Having locked horns over how to allocate slot machine payments from the Seneca Niagara Casino, governments involved risk starving their development efforts while the pot goes untouched. No area shoot itself in the foot and reloads as fast as this one.
Neither Niagara County nor Niagara Falls has seen any benefit from either the Seneca's 2004 payment or the 2005 payment they will make. Nearly $24 million just sits in an Albany escrow account until political leaders agree how to divide the desperately needed money. State Sen. George D. Maziarz, Senate Majority Leader Joseph Bruno's appointee, and Assemblywoman Francine DelMonte, Assembly Speaker Sheldon Silver's designee, spent 20 months devising a plan. But it foolishly cut out Gov. George E. Pataki's USA Development Corp. Pataki countered with a budget proposal that funnels the cash through that state-run Niagara Falls downtown development agency. In yet another level of wrangling, the county and the city each want 75 percent of the pot, with the other 25 percent for the other guy. That's in court. This is leadership?
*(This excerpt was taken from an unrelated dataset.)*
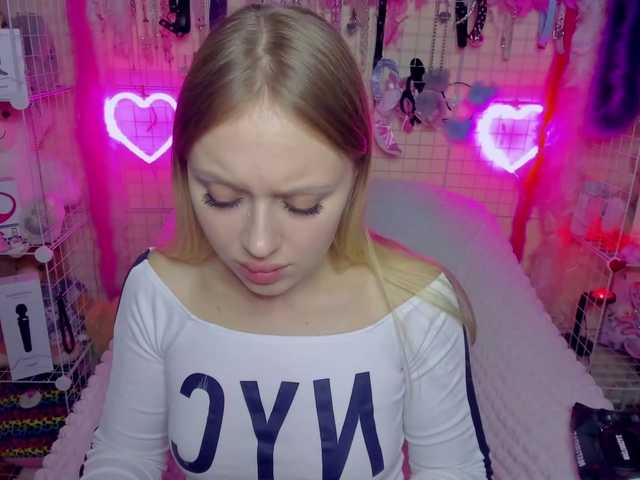 Live sex webcam photo for MindyKally #290836019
This is absurd. A mountain of money goes unused by a region in great need. One crucial victim is the Niagara Tourism & Convention Corp., promised a significant piece of the casino money to mount consistent multiyear marketing campaigns to boost tourism -- Niagara's supposed growth industry. Has anyone noticed the seasonal, presummer ads popping up locally from Virginia, Cleveland and other regions? Little from Niagara Falls will appear in those markets, delaying for a second year efforts to fully promote this region.
It should not be too much to ask of government leaders that they craft a satisfactory and timely compromise that would actually put this money to work. Instead, they are locked in a battle over slowly rotting turf. The use of the money to nourish a recovery is crucial. When did Niagara's lawmakers decide that recovery can wait until they settle their ego-driven squabbles?